• DIRECTIONS FOR THIS TASK: Starting at the first entry below, repeat all the data word for word and drop the pictures.

• DATA FOR ANALYSIS:
+===+

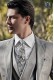 Bespoke fil a fil gray groom morning suit elegant slimfit fit 904 Mario Moyano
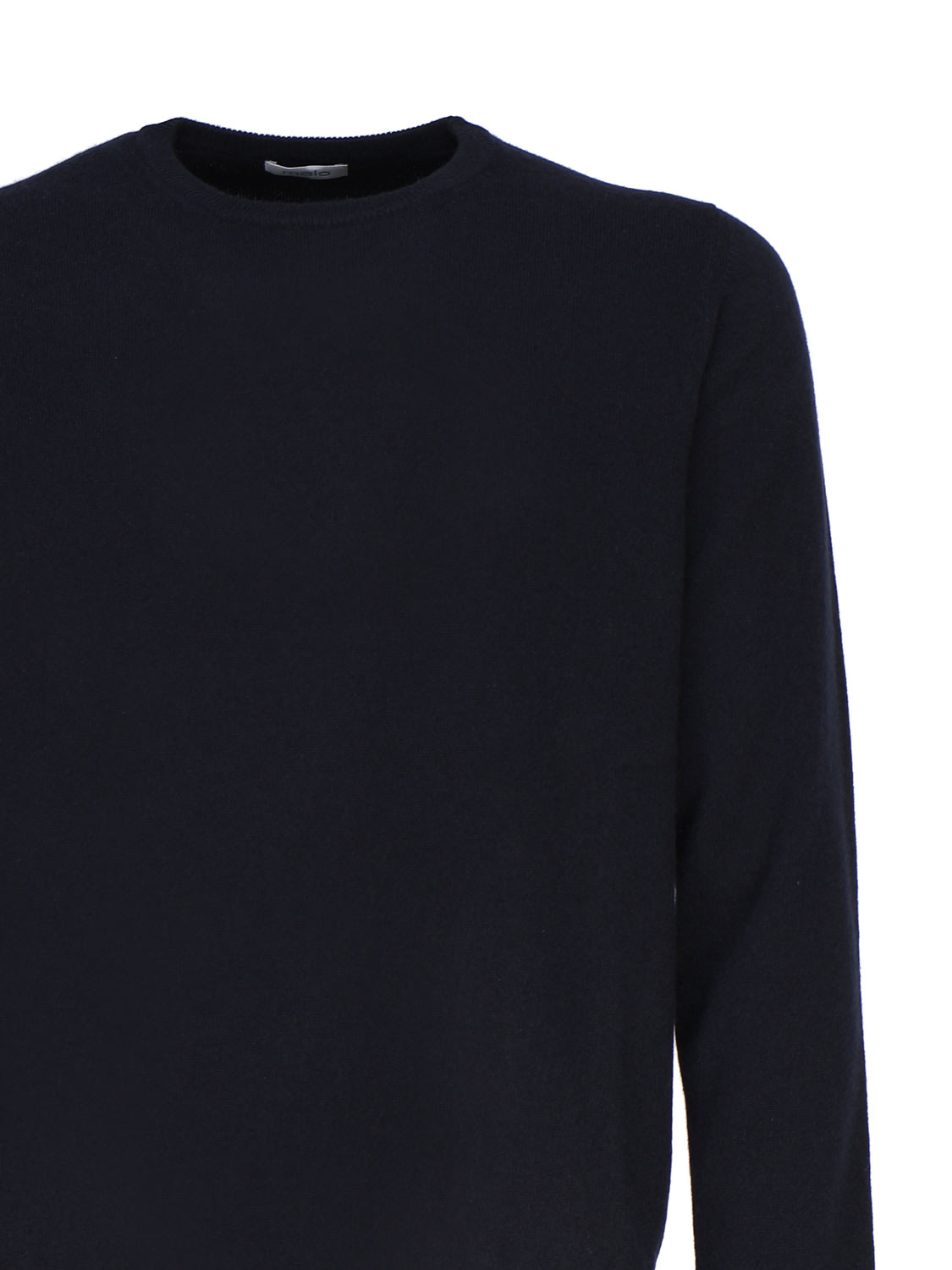 Shop Malo Cashmere And Silk Crew Neck Sweater In Blue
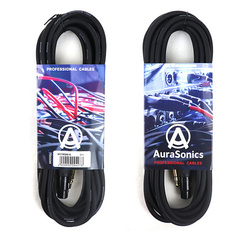 AuraSonics XFJTRSM-6 кабель микрофонный XLR3(f) - 1/4" Jack TRS, 6м, черный - Проектирование и поставка звукового, светового, видео и сценического оборудования. Центр аудиовизуальных решений.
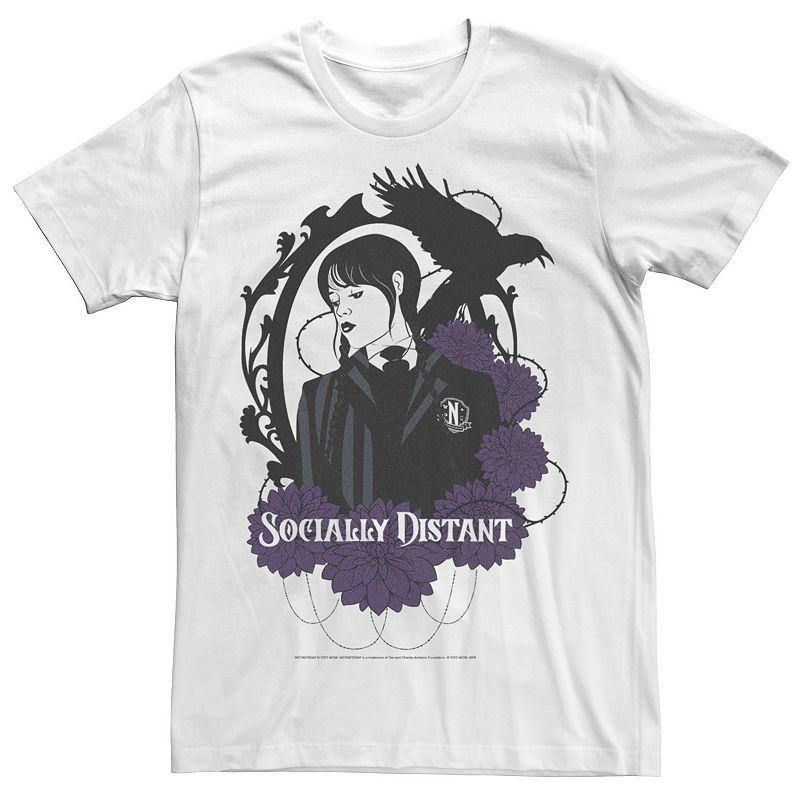 Big & Tall Wednesday Socially Distant Tee, Men's, Size: XXL Tall, White Product Image
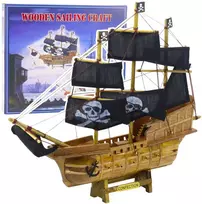 Kolekcinis dekoratyvinis piratų laivo modelis, 33x29 cm, juodas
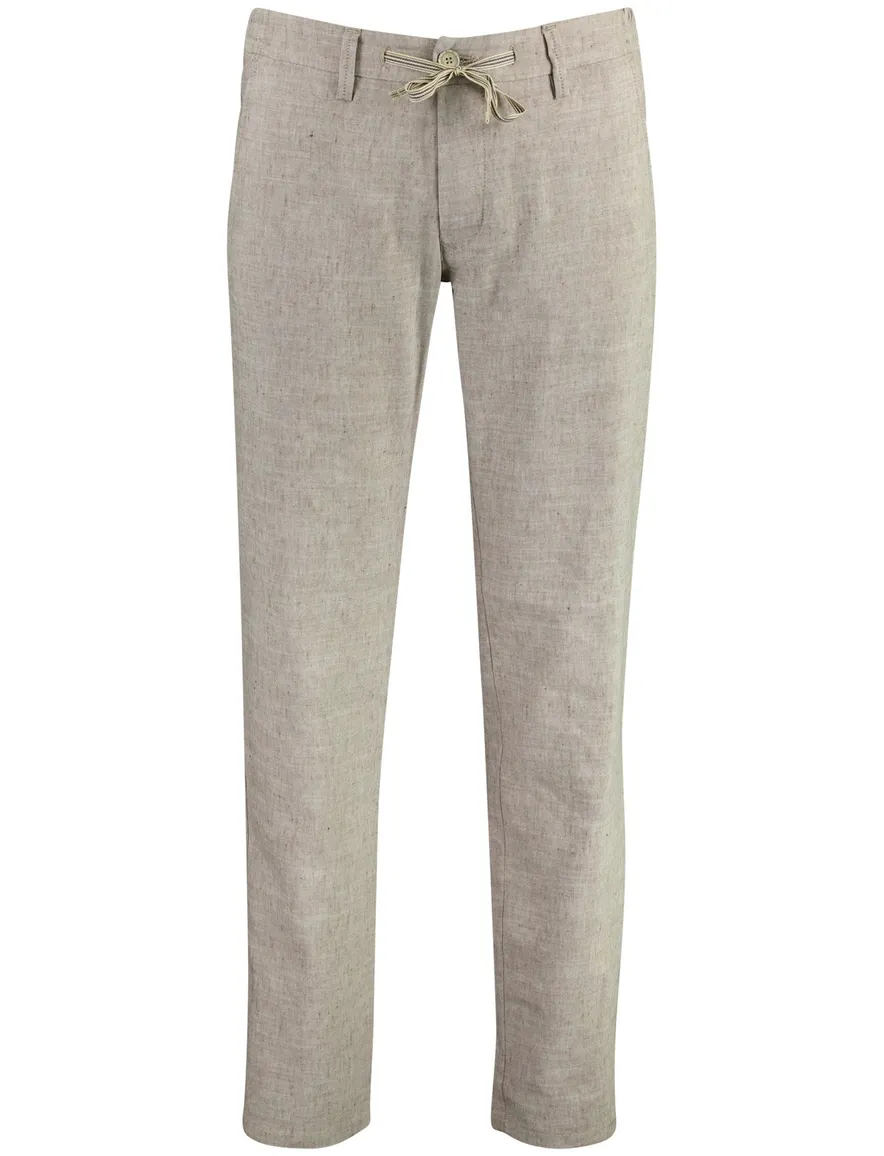 Mac Pantalon chino Lennox Sport beige linnen
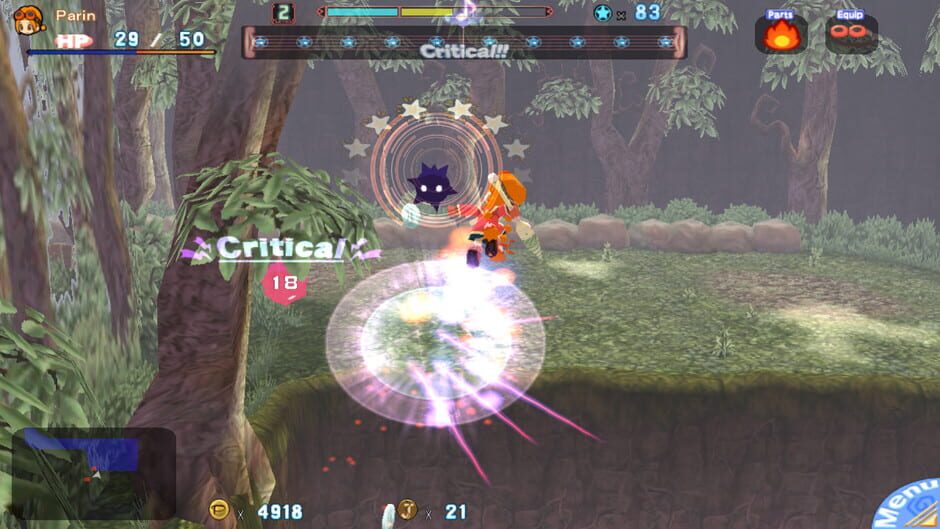 Capture de Gurumin: A Monstrous Adventure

+===+

• RESULT FOR THIS EXERCISE:
 Bespoke fil a fil gray groom morning suit elegant slimfit fit 904 Mario Moyano
 Shop Malo Cashmere And Silk Crew Neck Sweater In Blue
 AuraSonics XFJTRSM-6 кабель микрофонный XLR3(f) - 1/4" Jack TRS, 6м, черный - Проектирование и поставка звукового, светового, видео и сценического оборудования. Центр аудиовизуальных решений.
 Big & Tall Wednesday Socially Distant Tee, Men's, Size: XXL Tall, White Product Image
 Kolekcinis dekoratyvinis piratų laivo modelis, 33x29 cm, juodas
 Mac Pantalon chino Lennox Sport beige linnen
 Capture de Gurumin: A Monstrous Adventure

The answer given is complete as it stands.